**Input records**
--- START ---

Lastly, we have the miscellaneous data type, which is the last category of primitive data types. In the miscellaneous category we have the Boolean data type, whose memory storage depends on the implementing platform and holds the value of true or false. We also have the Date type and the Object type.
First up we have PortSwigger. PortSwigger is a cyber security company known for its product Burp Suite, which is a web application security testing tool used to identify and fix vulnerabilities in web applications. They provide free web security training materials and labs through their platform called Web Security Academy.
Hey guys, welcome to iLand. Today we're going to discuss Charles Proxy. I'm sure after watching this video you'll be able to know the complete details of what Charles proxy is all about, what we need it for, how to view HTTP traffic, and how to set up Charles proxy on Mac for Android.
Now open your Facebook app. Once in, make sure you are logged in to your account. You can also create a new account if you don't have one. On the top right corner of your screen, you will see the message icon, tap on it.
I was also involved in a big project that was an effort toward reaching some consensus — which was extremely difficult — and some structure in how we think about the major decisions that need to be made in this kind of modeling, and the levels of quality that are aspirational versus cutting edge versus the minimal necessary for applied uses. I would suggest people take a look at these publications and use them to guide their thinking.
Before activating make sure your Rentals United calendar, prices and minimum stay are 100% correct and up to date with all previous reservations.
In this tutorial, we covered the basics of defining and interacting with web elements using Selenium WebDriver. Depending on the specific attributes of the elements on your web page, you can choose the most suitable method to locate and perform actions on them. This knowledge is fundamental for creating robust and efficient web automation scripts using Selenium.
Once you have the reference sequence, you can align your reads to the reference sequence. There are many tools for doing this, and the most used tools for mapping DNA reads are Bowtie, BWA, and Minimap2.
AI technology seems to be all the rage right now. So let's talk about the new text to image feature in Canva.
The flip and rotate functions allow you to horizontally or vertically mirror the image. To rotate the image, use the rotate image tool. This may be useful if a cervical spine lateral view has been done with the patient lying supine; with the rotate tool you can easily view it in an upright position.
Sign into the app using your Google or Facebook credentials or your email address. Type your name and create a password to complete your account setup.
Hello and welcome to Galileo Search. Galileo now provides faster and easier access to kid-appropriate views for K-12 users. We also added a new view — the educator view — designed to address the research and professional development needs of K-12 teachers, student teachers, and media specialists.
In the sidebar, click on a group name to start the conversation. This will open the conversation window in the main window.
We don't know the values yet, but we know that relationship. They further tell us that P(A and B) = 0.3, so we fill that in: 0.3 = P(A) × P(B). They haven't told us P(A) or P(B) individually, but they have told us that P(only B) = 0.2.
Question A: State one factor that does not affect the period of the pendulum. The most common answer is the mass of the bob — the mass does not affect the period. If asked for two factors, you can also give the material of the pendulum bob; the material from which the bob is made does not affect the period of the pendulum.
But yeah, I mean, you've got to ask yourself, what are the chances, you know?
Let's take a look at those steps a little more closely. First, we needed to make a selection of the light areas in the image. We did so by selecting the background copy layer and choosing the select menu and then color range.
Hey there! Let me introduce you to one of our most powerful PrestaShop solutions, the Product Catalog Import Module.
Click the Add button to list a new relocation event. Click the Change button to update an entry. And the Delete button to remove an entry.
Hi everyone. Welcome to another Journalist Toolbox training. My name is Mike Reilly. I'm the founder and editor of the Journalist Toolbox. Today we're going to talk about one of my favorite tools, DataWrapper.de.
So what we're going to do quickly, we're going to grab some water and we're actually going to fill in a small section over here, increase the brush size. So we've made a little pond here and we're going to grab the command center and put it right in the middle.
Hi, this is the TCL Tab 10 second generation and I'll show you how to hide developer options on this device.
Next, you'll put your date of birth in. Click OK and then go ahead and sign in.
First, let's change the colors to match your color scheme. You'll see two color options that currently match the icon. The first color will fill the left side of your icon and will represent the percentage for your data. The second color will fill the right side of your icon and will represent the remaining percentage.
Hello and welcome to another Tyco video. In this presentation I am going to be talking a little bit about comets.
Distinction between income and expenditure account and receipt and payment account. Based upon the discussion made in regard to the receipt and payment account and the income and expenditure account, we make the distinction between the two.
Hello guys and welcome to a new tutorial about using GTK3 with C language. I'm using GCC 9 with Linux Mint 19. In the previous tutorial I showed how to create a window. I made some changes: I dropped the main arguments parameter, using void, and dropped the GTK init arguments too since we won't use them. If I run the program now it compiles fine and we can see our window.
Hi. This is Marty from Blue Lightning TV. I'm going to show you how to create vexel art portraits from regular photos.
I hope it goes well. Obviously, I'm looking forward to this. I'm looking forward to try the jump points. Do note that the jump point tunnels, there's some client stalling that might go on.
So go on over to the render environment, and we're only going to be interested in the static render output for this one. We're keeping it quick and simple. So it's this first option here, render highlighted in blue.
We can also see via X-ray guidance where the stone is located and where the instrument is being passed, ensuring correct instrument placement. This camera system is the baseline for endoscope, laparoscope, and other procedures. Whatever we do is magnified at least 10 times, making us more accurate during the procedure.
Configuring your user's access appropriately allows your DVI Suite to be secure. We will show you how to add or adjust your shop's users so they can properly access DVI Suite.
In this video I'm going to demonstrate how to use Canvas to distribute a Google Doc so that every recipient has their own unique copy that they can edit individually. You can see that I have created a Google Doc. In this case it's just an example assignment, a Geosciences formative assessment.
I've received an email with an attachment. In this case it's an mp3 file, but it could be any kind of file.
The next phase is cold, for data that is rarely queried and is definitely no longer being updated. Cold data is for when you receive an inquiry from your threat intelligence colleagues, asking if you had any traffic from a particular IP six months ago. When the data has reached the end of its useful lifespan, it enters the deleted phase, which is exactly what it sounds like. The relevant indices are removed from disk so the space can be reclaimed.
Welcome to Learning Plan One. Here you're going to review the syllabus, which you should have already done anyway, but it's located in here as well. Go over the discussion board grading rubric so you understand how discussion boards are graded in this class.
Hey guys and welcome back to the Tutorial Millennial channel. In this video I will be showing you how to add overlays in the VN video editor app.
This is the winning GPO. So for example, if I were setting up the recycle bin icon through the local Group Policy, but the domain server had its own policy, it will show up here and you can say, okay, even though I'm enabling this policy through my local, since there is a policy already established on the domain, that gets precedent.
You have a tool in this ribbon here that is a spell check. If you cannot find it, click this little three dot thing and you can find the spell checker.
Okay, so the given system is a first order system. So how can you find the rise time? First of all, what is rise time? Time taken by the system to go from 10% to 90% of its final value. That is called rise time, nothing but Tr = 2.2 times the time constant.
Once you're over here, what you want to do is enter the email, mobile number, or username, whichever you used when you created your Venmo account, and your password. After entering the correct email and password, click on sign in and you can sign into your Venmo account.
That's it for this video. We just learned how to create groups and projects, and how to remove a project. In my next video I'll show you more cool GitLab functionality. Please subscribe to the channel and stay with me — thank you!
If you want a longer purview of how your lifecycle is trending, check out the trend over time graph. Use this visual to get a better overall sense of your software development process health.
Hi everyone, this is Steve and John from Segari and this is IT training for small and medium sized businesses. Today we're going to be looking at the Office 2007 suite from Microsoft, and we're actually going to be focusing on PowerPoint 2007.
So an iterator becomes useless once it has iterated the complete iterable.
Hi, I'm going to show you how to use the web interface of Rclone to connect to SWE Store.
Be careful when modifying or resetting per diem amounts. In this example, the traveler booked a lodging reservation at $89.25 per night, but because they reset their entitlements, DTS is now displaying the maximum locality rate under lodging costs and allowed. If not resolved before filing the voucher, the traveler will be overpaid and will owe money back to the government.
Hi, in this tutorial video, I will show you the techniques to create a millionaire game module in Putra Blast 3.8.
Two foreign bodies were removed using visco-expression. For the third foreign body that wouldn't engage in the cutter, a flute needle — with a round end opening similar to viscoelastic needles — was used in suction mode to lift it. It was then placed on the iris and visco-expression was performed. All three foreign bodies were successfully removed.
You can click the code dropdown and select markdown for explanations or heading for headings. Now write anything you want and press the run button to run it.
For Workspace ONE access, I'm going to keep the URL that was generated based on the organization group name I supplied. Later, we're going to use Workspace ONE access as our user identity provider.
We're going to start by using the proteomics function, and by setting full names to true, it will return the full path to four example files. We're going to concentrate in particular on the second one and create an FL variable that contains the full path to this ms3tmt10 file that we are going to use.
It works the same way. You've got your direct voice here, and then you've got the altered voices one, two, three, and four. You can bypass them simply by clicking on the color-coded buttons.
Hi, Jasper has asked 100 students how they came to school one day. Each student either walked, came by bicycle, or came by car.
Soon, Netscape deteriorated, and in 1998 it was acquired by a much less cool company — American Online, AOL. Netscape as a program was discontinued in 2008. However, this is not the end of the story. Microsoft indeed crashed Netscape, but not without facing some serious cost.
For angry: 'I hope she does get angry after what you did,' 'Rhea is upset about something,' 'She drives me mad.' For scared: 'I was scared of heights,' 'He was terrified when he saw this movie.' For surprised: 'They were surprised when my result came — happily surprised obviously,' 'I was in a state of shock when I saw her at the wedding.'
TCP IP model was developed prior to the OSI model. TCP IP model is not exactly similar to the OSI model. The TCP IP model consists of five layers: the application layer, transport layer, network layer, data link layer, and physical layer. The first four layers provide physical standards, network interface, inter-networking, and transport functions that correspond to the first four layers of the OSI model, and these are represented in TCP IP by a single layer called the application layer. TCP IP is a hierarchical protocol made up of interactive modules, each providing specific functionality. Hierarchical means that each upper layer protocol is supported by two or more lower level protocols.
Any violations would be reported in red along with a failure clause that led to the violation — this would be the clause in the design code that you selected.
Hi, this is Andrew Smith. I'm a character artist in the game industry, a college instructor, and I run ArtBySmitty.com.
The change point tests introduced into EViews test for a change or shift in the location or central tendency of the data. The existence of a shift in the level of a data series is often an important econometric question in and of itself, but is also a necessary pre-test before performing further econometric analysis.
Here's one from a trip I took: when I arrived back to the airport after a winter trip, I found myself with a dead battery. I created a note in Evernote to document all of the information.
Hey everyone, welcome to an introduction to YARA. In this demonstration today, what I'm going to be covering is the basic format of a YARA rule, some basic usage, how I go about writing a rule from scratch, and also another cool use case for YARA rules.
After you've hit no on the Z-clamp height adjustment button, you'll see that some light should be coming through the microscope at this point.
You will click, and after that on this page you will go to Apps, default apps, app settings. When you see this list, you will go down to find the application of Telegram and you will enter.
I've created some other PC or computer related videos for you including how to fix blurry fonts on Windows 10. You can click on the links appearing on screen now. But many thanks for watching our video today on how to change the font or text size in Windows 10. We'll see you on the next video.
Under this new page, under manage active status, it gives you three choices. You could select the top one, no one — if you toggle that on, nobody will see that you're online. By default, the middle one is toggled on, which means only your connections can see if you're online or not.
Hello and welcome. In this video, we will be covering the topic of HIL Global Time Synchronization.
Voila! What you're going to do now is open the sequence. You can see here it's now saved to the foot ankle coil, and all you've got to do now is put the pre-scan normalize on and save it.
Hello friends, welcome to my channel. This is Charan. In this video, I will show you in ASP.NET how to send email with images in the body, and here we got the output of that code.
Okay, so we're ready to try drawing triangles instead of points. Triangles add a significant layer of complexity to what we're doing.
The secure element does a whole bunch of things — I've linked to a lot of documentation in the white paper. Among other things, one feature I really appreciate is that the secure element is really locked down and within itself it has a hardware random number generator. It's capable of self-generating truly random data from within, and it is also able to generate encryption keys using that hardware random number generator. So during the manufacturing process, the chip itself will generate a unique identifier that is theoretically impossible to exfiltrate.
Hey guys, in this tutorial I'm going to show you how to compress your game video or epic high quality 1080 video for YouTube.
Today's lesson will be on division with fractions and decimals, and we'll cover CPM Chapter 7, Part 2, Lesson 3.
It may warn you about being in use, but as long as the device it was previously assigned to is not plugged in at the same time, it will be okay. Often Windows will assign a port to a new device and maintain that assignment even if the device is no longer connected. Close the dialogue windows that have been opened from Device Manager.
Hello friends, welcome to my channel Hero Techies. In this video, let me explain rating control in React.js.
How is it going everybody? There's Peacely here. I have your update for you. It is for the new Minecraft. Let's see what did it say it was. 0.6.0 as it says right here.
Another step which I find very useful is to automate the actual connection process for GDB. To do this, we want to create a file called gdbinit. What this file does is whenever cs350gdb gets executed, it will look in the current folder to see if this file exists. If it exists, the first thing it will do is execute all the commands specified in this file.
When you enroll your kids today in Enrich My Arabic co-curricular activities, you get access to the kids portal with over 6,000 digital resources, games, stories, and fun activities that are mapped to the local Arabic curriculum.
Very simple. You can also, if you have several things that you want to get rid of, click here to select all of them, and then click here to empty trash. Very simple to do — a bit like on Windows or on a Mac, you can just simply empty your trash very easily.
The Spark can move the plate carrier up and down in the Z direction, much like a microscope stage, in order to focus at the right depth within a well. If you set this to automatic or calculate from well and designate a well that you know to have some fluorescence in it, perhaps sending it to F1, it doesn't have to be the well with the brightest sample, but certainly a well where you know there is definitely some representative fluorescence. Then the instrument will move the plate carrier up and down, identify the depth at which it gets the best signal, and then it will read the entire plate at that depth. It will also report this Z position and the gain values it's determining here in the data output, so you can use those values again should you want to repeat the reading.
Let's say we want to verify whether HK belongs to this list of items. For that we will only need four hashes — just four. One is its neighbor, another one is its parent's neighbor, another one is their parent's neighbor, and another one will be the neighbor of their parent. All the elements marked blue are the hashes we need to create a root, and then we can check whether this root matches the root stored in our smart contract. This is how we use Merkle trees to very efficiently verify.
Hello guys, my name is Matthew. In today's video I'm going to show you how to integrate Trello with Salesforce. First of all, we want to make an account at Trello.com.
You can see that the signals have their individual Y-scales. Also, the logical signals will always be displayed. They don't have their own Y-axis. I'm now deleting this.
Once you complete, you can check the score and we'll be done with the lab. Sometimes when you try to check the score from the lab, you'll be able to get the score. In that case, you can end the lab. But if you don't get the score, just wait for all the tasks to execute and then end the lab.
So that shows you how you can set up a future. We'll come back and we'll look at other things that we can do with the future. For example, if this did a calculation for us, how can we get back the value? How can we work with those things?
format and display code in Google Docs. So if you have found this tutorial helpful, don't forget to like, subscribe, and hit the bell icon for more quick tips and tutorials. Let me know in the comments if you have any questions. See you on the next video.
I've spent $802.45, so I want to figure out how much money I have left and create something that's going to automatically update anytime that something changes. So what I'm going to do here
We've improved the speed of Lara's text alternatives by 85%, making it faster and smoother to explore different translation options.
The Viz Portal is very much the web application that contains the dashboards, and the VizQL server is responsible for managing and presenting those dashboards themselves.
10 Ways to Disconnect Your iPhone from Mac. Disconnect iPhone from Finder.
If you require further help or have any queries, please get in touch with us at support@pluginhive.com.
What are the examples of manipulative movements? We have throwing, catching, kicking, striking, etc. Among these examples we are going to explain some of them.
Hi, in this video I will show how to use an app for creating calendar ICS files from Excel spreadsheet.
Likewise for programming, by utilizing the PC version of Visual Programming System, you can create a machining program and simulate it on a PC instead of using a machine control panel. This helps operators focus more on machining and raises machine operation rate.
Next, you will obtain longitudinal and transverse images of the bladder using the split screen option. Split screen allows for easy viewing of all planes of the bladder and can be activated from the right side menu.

--- END ---

**Task requirements**
Begin at the line above that has "The secure element does" and stop after the line that has "Today's lesson will", copying each line exactly and adding nothing else.

**Answer section**
The secure element does a whole bunch of things — I've linked to a lot of documentation in the white paper. Among other things, one feature I really appreciate is that the secure element is really locked down and within itself it has a hardware random number generator. It's capable of self-generating truly random data from within, and it is also able to generate encryption keys using that hardware random number generator. So during the manufacturing process, the chip itself will generate a unique identifier that is theoretically impossible to exfiltrate.
Hey guys, in this tutorial I'm going to show you how to compress your game video or epic high quality 1080 video for YouTube.
Today's lesson will be on division with fractions and decimals, and we'll cover CPM Chapter 7, Part 2, Lesson 3.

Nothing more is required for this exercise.